* WORK ORDER *
Would you copy every record exactly as it stands and drop the pictures?

* Extracted data entries *
┌────────

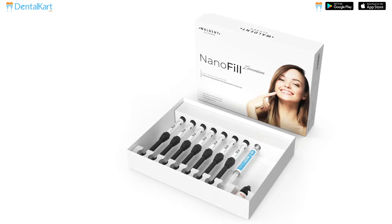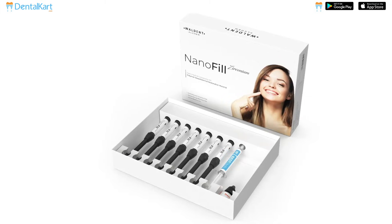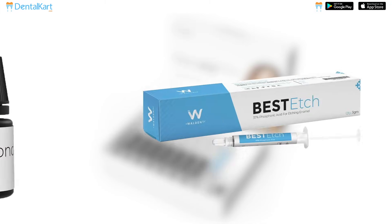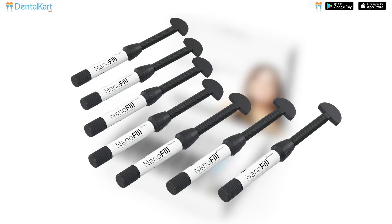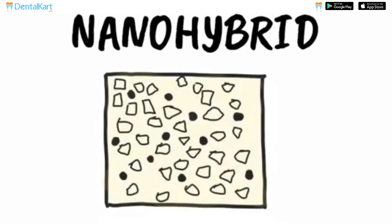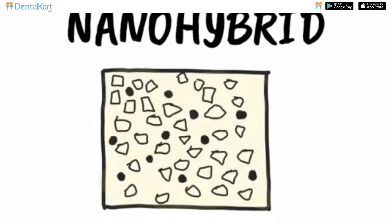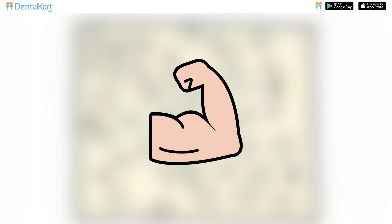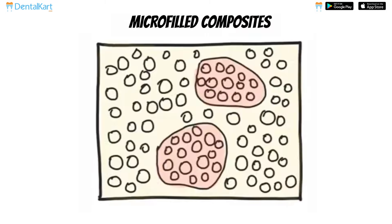This kit includes all the products required for a composite restoration such as Walden Nanobond bonding agent, Best H HN, and Nanofill Zirconium Composite Syringes. The composite syringes are a light-cured, radiopaque, nano-hybrid composite formulated with nano-cluster filler particles that offer the strength of a hybrid and polish of a micro-fill composite.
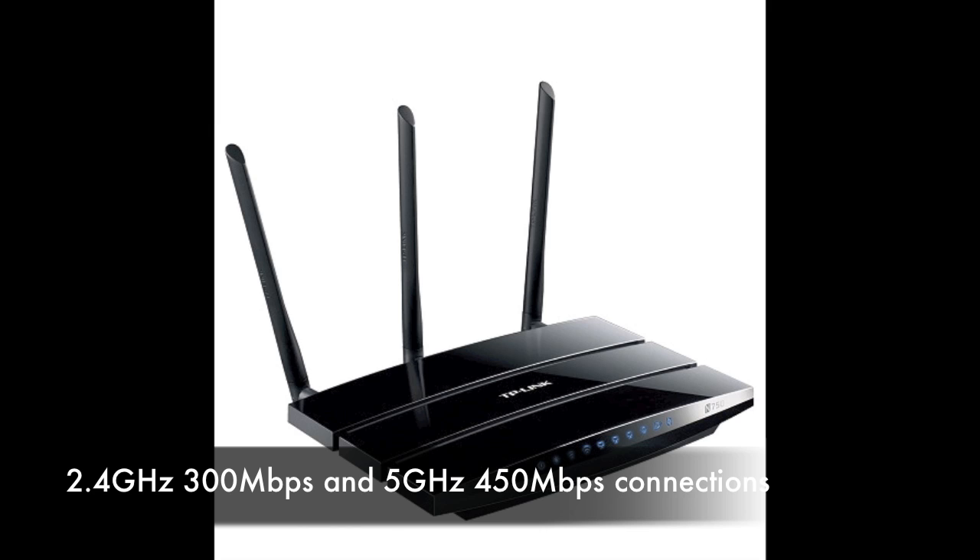The N750 dual-band gigabit router features two wireless streams at 2.4GHz and 5GHz, delivering 300Mbps and 450Mbps simultaneously.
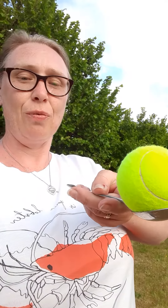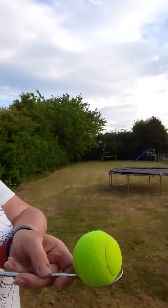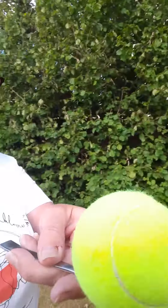Now this is where I could have done with having my children here, but they're actually at their daddy's at the moment. So what you need to do is hold your spoon with a ball on it like that, and see if you can go — look — all the way down the bottom of my garden past my trampoline. Let's see if I can go without it falling out.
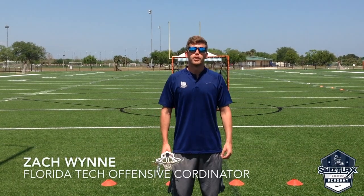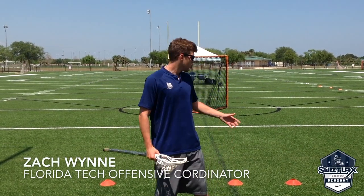Hey, this is Zach Wynn with Sweetlox Academy. Right now we're just going to do a little work from X. We're going to walk through the Mikey Sowers drill.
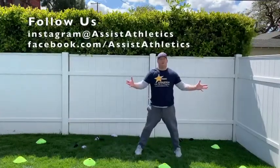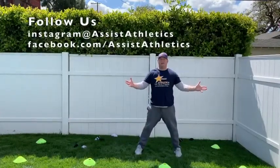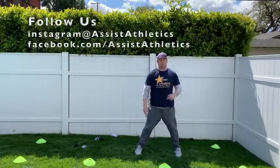All right. There it is. I got hit twice. Our goal is not to get hit at all. Have fun playing some dodgeball!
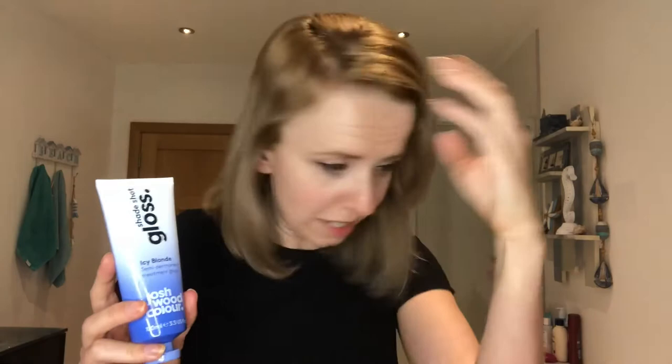So guys, this is the treatment rinsed out after leaving it on for 20 minutes. It's definitely left the hair very soft and really healthy feeling — super conditioned and a nice amount of shine.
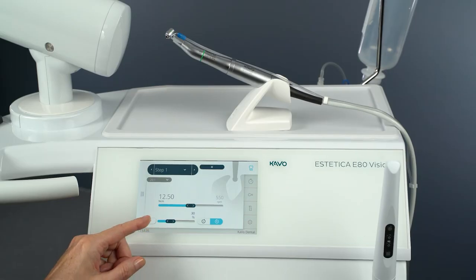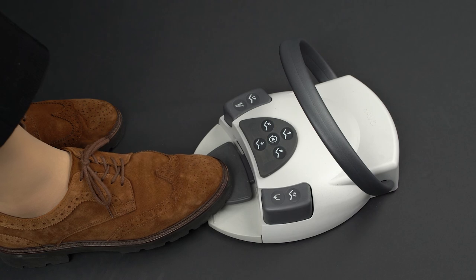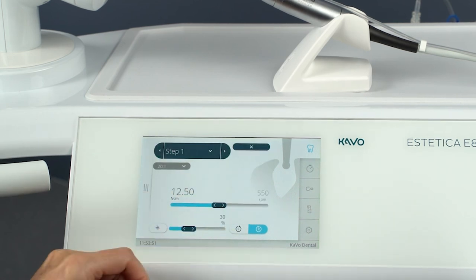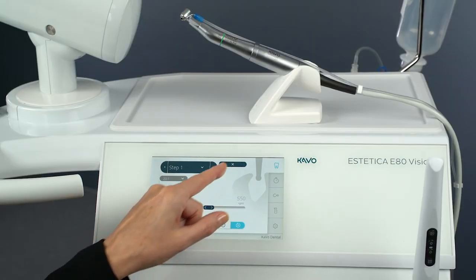Tap the Auto Calibration button and follow the instructions on the display. Press and hold the foot control until the message 'Calibration Successful' appears on the display. To end the calibration, tap the Cancel button. To exit surgery mode, tap the Cancel button.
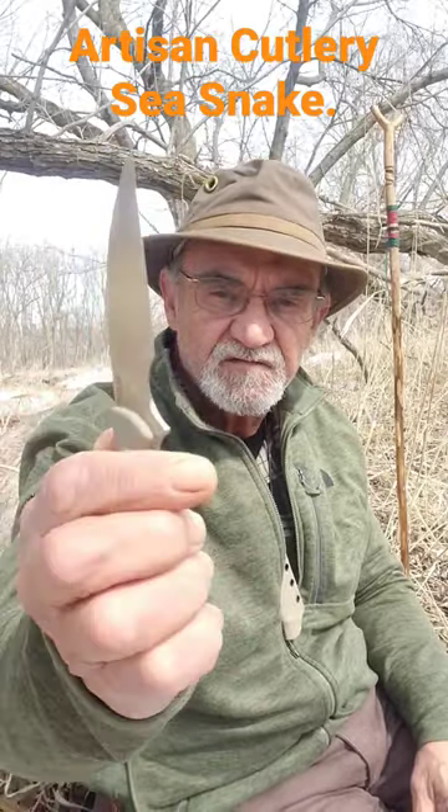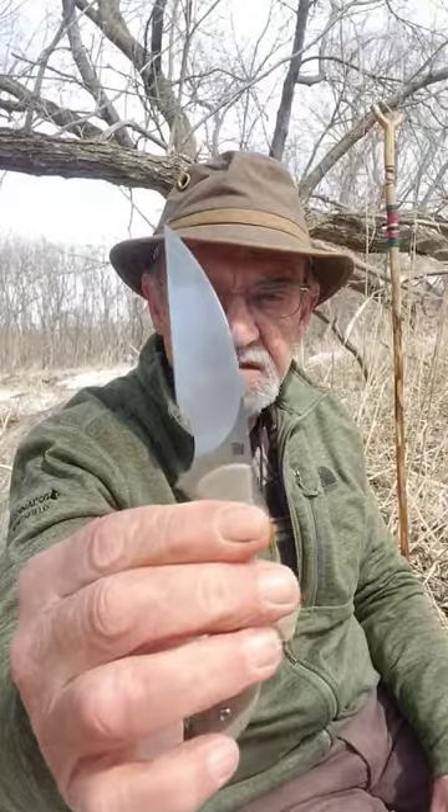Look at that. Very nice. Warren Cliff blade. Jimping. G10 handle. The steel is the same as that — fancy. Super steel.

└────────

* FINAL ANSWER *
This kit includes all the products required for a composite restoration such as Walden Nanobond bonding agent, Best H HN, and Nanofill Zirconium Composite Syringes. The composite syringes are a light-cured, radiopaque, nano-hybrid composite formulated with nano-cluster filler particles that offer the strength of a hybrid and polish of a micro-fill composite.
The N750 dual-band gigabit router features two wireless streams at 2.4GHz and 5GHz, delivering 300Mbps and 450Mbps simultaneously.
Now this is where I could have done with having my children here, but they're actually at their daddy's at the moment. So what you need to do is hold your spoon with a ball on it like that, and see if you can go — look — all the way down the bottom of my garden past my trampoline. Let's see if I can go without it falling out.
Hey, this is Zach Wynn with Sweetlox Academy. Right now we're just going to do a little work from X. We're going to walk through the Mikey Sowers drill.
All right. There it is. I got hit twice. Our goal is not to get hit at all. Have fun playing some dodgeball!
So guys, this is the treatment rinsed out after leaving it on for 20 minutes. It's definitely left the hair very soft and really healthy feeling — super conditioned and a nice amount of shine.
Tap the Auto Calibration button and follow the instructions on the display. Press and hold the foot control until the message 'Calibration Successful' appears on the display. To end the calibration, tap the Cancel button. To exit surgery mode, tap the Cancel button.
Look at that. Very nice. Warren Cliff blade. Jimping. G10 handle. The steel is the same as that — fancy. Super steel.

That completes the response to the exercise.